You want to speak up, stand out, get your voice heard, make good points at meetings, and build a positive reputation as a worthwhile contributor--and maybe even someone with leadership potential.  But you're a bit introverted, and unsure how to be assertive and outspoken in a way that doesn't make you cringe.  

So, how can you be noticed and speak your mind, without compromising who you are? 

1. Don't underestimate the value of your insights. 

This is the first step.  Remember you have something to say. You're on the team for a reason. So trust your gut. If something in the course of the conversation strikes you as worthy of being said--say it. And if you're hesitant, know that psychological  research suggests that introducing novel ideas to the group--even ones the group doesn't ultimately embrace -- will improve creativity and decision making.

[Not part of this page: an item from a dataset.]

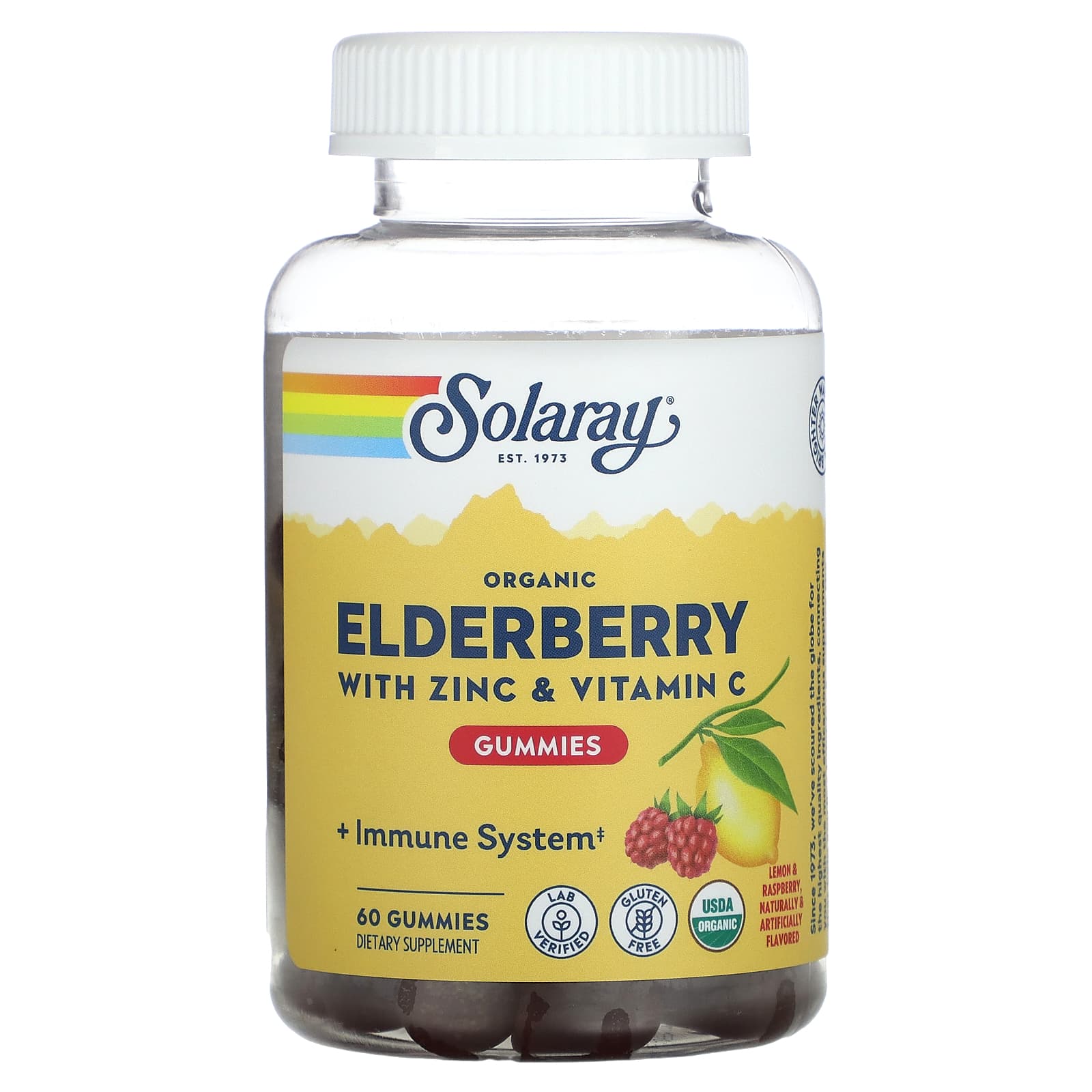 Solaray-Organic Elderberry Gummies With Zinc & Vitamin C-Lemon & Raspberry-60 Gummies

2.  Find the words that work for you.  

There is no single way to be assertive.  You don't have to blow people's doors off with uber-assertive comments like:  "I don't buy that" or "That will never work" -- especially if it doesn't feel comfortable for you. Instead, pick words and phrases that feel natural, or natural enough.  For example, you might show assertiveness through careful, deliberate questioning -- as in: "That's interesting--can you tell me more about why you believe that?" Or "That's an interesting point, but what I've seen in the industry is..."  The point is that you can be assertive, but on your own terms and in a way that works for you. 

3. Be a problem solver.

Finally, one of the very best ways to command respect is to be a problem solver. So, do your homework, and come prepared with solutions to vexing problems that the group is struggling with.  And make these solutions evidence-based - grounded in research you've done or analyses you've conducted.  People respect good ideas and smart solutions and this can be a great way to show assertiveness in a way that plays to your strengths as a smart, strategic thinker.  

In the end, remember that assertiveness isn't just for people who love the sound of their voice. You can be assertive -- and make a real, concrete, memorable impact on a group --  without being a loud-mouthed jerk in the process.